▶ _Information shown_:
****************************************

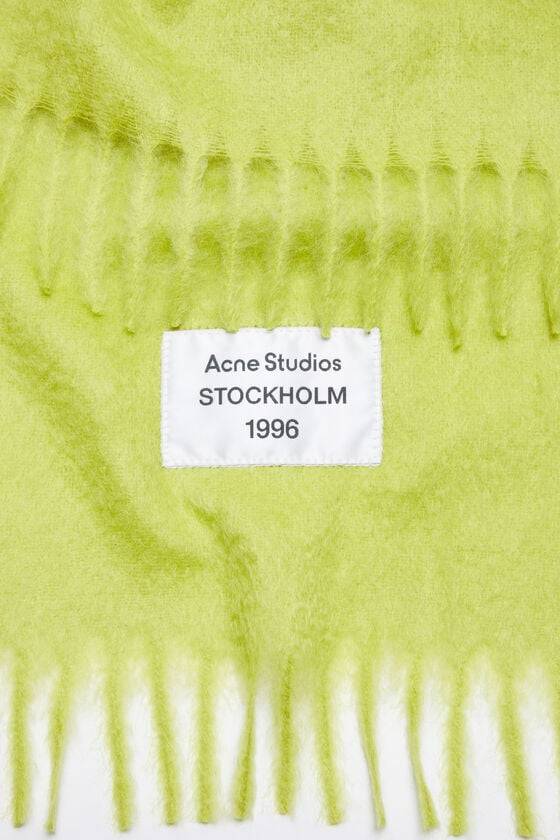 Acne Studios Fransen-Schal aus Alpaka Im Verkauf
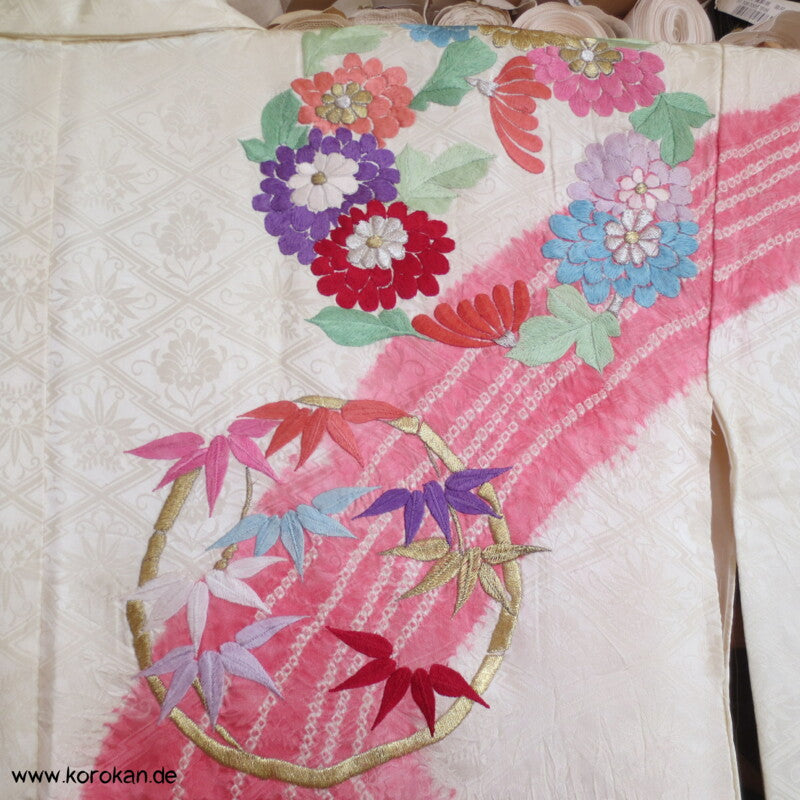 Stickereiblütenrondelle Furisode Diamantrauten Seidendamast Kimono, Shibori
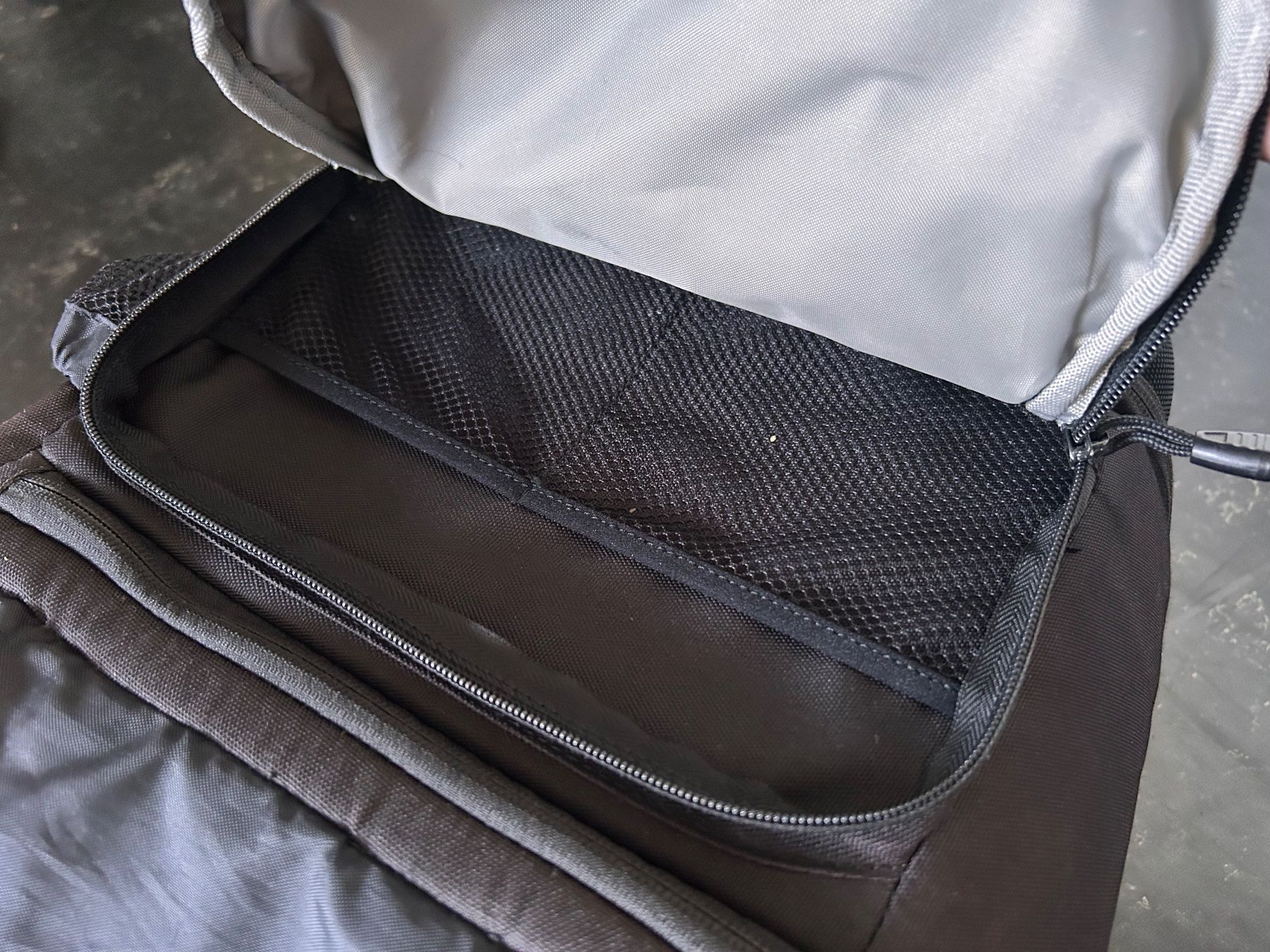 Zaini: Lowepro Fotorucksack - stark gebraucht – Usato da Bern venduto da inf_bdw8 4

****************************************

▶ _Work item_: Go through the listing and restate each line word for word, leaving out the pictures.

▶ _Answer to the problem_:
 Acne Studios Fransen-Schal aus Alpaka Im Verkauf
 Stickereiblütenrondelle Furisode Diamantrauten Seidendamast Kimono, Shibori
 Zaini: Lowepro Fotorucksack - stark gebraucht – Usato da Bern venduto da inf_bdw8 4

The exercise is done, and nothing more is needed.